Learning is an important experience for people of all ages, but is effective only when done right. There are different types of learners; each with a specific way of learning. Research shows that there are many ways to remember and process information. We all experience the world in our own way, and this is how we learn better.
Students with disabilities are taught in a different way. We follow this to ensure they learn effective. A similar approach is needed for each student out there, as their learning style may not be the same as another student. Understanding these different types of learning will have a huge impact on how teachers manage students, create group projects, and personalize one-on-one courses.
Without understanding and recognizing these different learning styles, teachers could end up leaving a handful of students lagging behind their classmates, partly because their unique learning styles are not involved. Learning styles and preferences come in different forms, and not everyone belongs to the same category.

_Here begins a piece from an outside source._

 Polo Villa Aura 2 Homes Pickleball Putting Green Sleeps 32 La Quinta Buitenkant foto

In a previous article, we covered different learning styles. Continuing the discussion forward, in this article, we will discuss different types of learners and how to teach them effectively.
Visual (Spatial) Learner
Visual learners retain information more effectively by using visual aids such as pictures, movie clips, colors, charts, and diagrams. They also have a good understanding of visual data presented in maps, charts, and graphs. Students who learn by sight understand information better when it is presented visually. These are your doodling students, list makers, and note-takers.

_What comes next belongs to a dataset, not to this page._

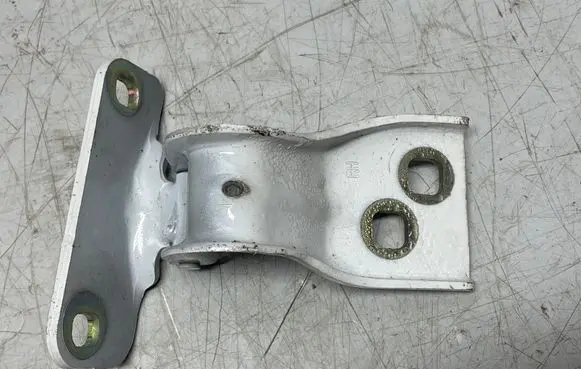 Opel Astra J Tailgate/trunk/boot hinge 13275575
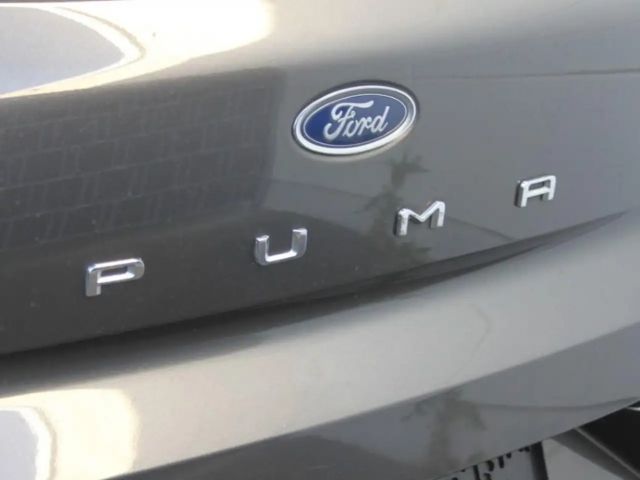 Ford Puma EcoBoost Titanium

Visual teaching methods for learners
- Get students to visualize using phrases, such as, “Imagine,” “Let’s see what you would do.”

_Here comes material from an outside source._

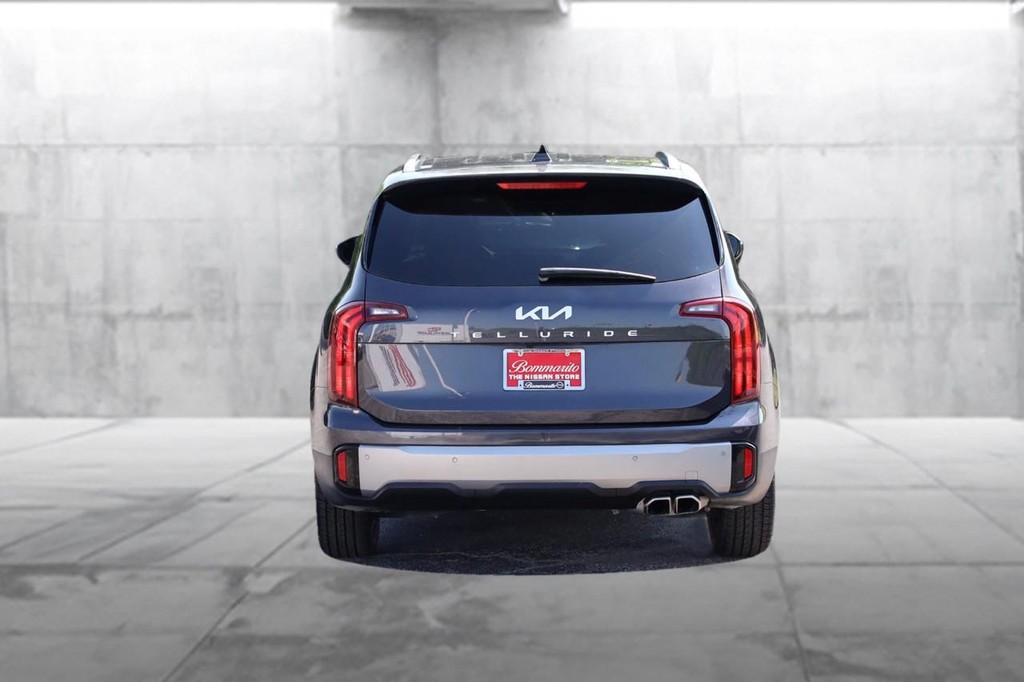 Kia Telluride Vehicle Full-screen Gallery Image 6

- Avoid large blocks of text.
- Use storytelling for visualization
- Color or highlight the important points in the text.
- Color-code and organize all the materials you provide as this helps organize things in their minds.
The kinesthetic learner learns through movement. Learning exercises and role-playing are very helpful. They enjoy engaging in acting out events or touching and manipulating with their hands to understand concepts. These types of learners may find it difficult to sit still. They are usually good at sports or like dancing and may need to take more frequent breaks while studying.
Methods for teaching Tactile Learner
- Let them interact with physical objects or solve puzzles.
- Provide real-world examples, such as case studies.
- Invite them to teach some of the content of the lesson to other members of the class.
- Standing and walking exercises are very effective.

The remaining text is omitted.